When copying the data below, keep only the lines from the one with "नगरपालिका निर्वाचन की" through the one with "Luxury apartment 135 m2 in Saint-Roman", word for word, and skip the pictures.

## Supplied data
■ ■ ■ ■ ■
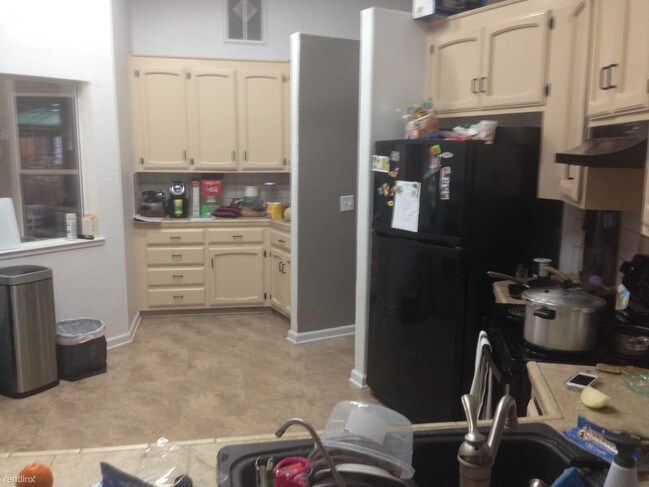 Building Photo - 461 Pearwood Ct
■ ■ ■ ■ ■
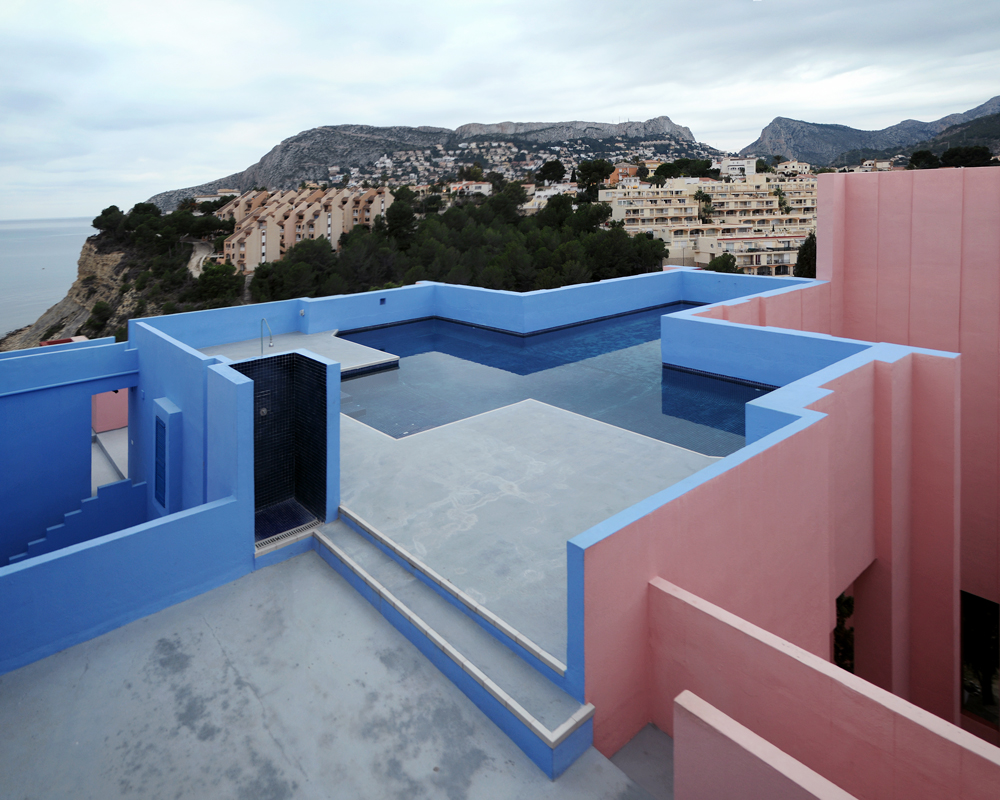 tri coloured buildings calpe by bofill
■ ■ ■ ■ ■
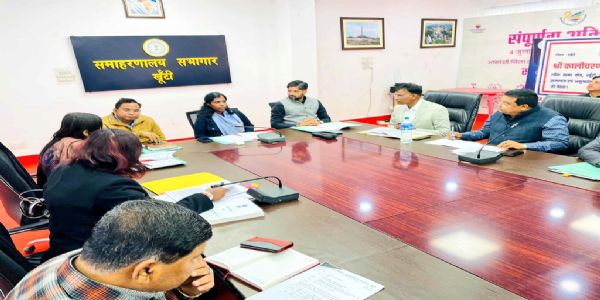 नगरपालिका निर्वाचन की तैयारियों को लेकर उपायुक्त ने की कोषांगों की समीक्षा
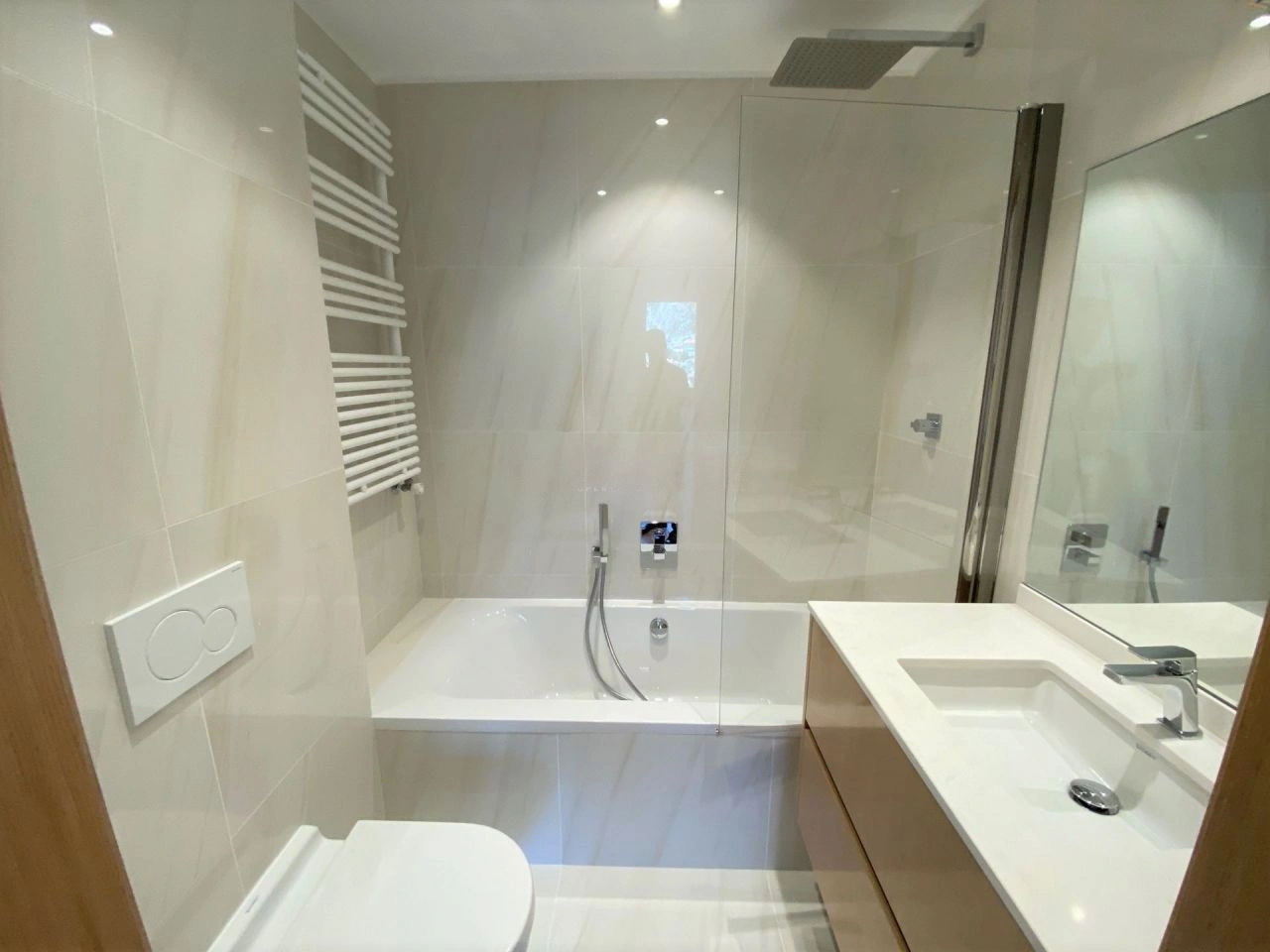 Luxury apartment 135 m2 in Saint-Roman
■ ■ ■ ■ ■
## Finished exercise
 नगरपालिका निर्वाचन की तैयारियों को लेकर उपायुक्त ने की कोषांगों की समीक्षा
 Luxury apartment 135 m2 in Saint-Roman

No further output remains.